As LaBonte looks for funding at the state and federal level to support infrastructure improvements, Central Maine Medical Center CEO Peter Chalke says the hospital is a partner in the medical tourism project and is doing its part to prepare.
“We have a clinical affiliation with Mass General,” he says. “As you might expect, they see about 2,000 foreign patients a year from 100 different countries.”
Chalke says he spent a day at Massachusetts General a couple months ago to learn how CMMC can support foreign patients, and he says he has been in regular touch with a contact for Miracle Enterprise. But that 2017 deadline? Chalke says it’s unrealistic, though he’s confident the medical tourism center will come.

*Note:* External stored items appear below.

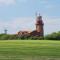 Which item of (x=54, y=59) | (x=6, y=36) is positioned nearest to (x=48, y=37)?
(x=6, y=36)

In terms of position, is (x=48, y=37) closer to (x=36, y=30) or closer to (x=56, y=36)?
(x=56, y=36)

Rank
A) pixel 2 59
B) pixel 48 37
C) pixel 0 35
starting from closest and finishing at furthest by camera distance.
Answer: pixel 2 59 → pixel 48 37 → pixel 0 35

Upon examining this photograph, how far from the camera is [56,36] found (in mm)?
78062

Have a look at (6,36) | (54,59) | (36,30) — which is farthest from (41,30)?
(54,59)

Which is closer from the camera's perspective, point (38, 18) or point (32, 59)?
point (32, 59)

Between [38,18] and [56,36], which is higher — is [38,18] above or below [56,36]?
above

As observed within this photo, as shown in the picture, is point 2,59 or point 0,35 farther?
point 0,35

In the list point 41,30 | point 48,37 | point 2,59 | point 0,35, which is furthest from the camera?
point 41,30

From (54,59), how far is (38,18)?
108m

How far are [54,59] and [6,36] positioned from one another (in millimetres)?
71219

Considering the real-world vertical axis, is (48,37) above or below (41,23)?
below

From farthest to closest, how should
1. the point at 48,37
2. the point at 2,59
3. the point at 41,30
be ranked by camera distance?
the point at 41,30, the point at 48,37, the point at 2,59

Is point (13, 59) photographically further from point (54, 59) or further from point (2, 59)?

“I’m an optimist. These things are difficult. This is a difficult project. We’re talking about an old mill, in Auburn, Maine. We’re talking about a group from China,” he says. “I mean, it couldn’t get much more complicated than this one.”
One thing that could spur the project along is Maine’s hoped-for designation as an EB-5 regional center. EB-5, explains John Endicott of the Finance Authority of Maine, is a federal program designed to attract foreign investors in local economies.
“With every $500,000 investment a foreign investor makes in an approved project, they must create 10 jobs as well,” he says.
In exchange, those investors get expedited consideration for a green card.
Endicott submitted an EB-5 application for Maine last December. It can take a year for the federal government to process applications, but Endicott is optimistic Maine will be approved.
If so, he says, the Finance Authority will offer to work with Miracle Enterprise to help them take advantage of the program.